Ah, pernahkah sekali saja kita berfikir lebih dalam tentang perayaan-perayaan tersebut?

Manusia memang makhluk penuh dengan simbol. Sebut saja bahasa. Untaian kata yang kita pakai ini adalah dalam rangka mengejawantahkan isi pikiran. Terkadang bahasa sulit untuk mendeskripsikan isi pikiran yang sebenarnya. Rasa sakit misalnya. Perasaan seolah dunia berputar dan bergoyang-goyang dideskripsikan bahasa Indonesia sebagai "pusing". Padahal rasa sesungguhnya belum tentu tepat dengan yang orang tersebut rasakan.

Meskipun bahasa terkadang tidak presisi untuk mendeskripsikan keadaan yang sesungguhnya, kita sebagai manusia tetap membutuhkan bahasa untuk bisa membantu menggambarkan keadaan yang dialami. Karena sekali lagi kita adalah makhluk penuh simbol. 

Lalu, bagaimana dengan perayaan? Bukankah ini juga bentuk simbol? Dengan meniup lilin, apakah artinya seseorang itu ingin mengucapkan selamat datang kepada usia baru? Dengan kembang api, apakah artinya mereka berusaha menyalakan harapan di tahun yang baru? Tetapi, apakah benar makna itu tertuang dalam hati setiap mereka yang merayakan? Atau jangan-jangan hanya sekadar formalitas budaya yang diwariskan? Tanpa sadar?

Manusia kadang lupa bahwa perayaan tidak sama dengan pesta, tetapi adalah tentang kesadaran dan refleksi. Bukan tentang terompet dan kue, tetapi tentang renungan—tentang perjalanan waktu yang sudah dilalui dan arah tujuan yang akan dituju. 

Hal-hal kecil—yang sesungguhnya besar—apakah tidak pantas untuk 'dirayakan'? Seperti saat pagi datang dan oksigen masih mengalir ke paru-paru kita, atau kebahagiaan sederhana saat menyelesaikan tugas yang lama tertunda. Bukankah setiap detik yang berlalu sebenarnya layak 'dirayakan'? Lantas, mengapa manusia menjadikan patokan tahun atau momen tertentu saja untuk di-simbolisasi?
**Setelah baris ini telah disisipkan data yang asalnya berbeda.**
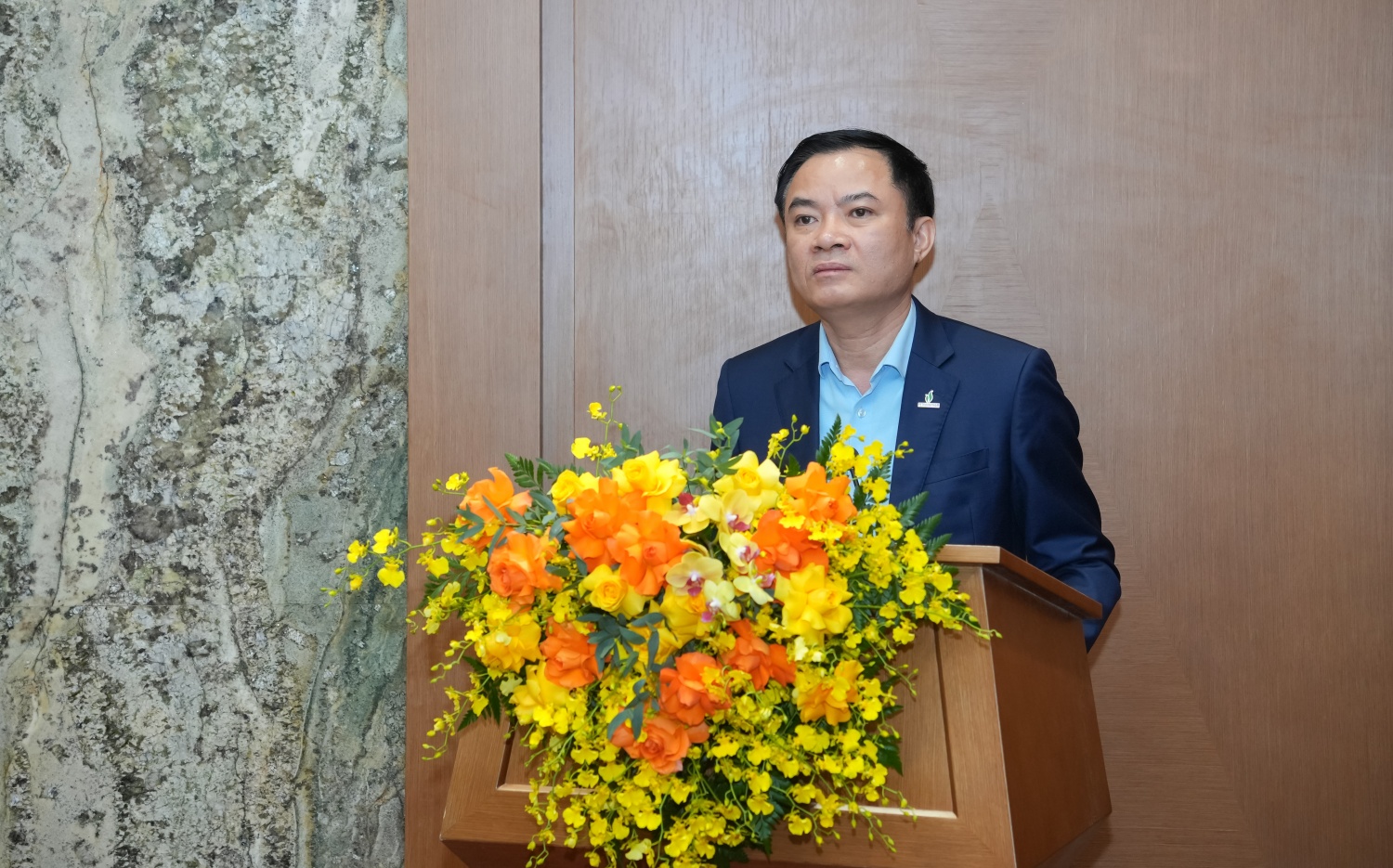 Đồng chí Lê Ngọc Sơn - Bí thư Đảng ủy, Chủ tịch HĐTV Petrovietnam chúc mừng đồng chí Lê Mạnh Cường và đồng chí Vũ Đào Minh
Karena pada akhirnya, merayakan bukan tentang riuhnya suasana. Tetapi tentang bagaimana hati kita benar-benar hadir dalam setiap momen. Menghargai setiap tarikan napas, menyambut setiap kesempatan, dan menerima setiap perubahan dengan lapang dada. Seperti doa yang terbisik lirih di sela malam yang tenang. Bukankah selembut itu seharusnya perayaan kita pada hidup?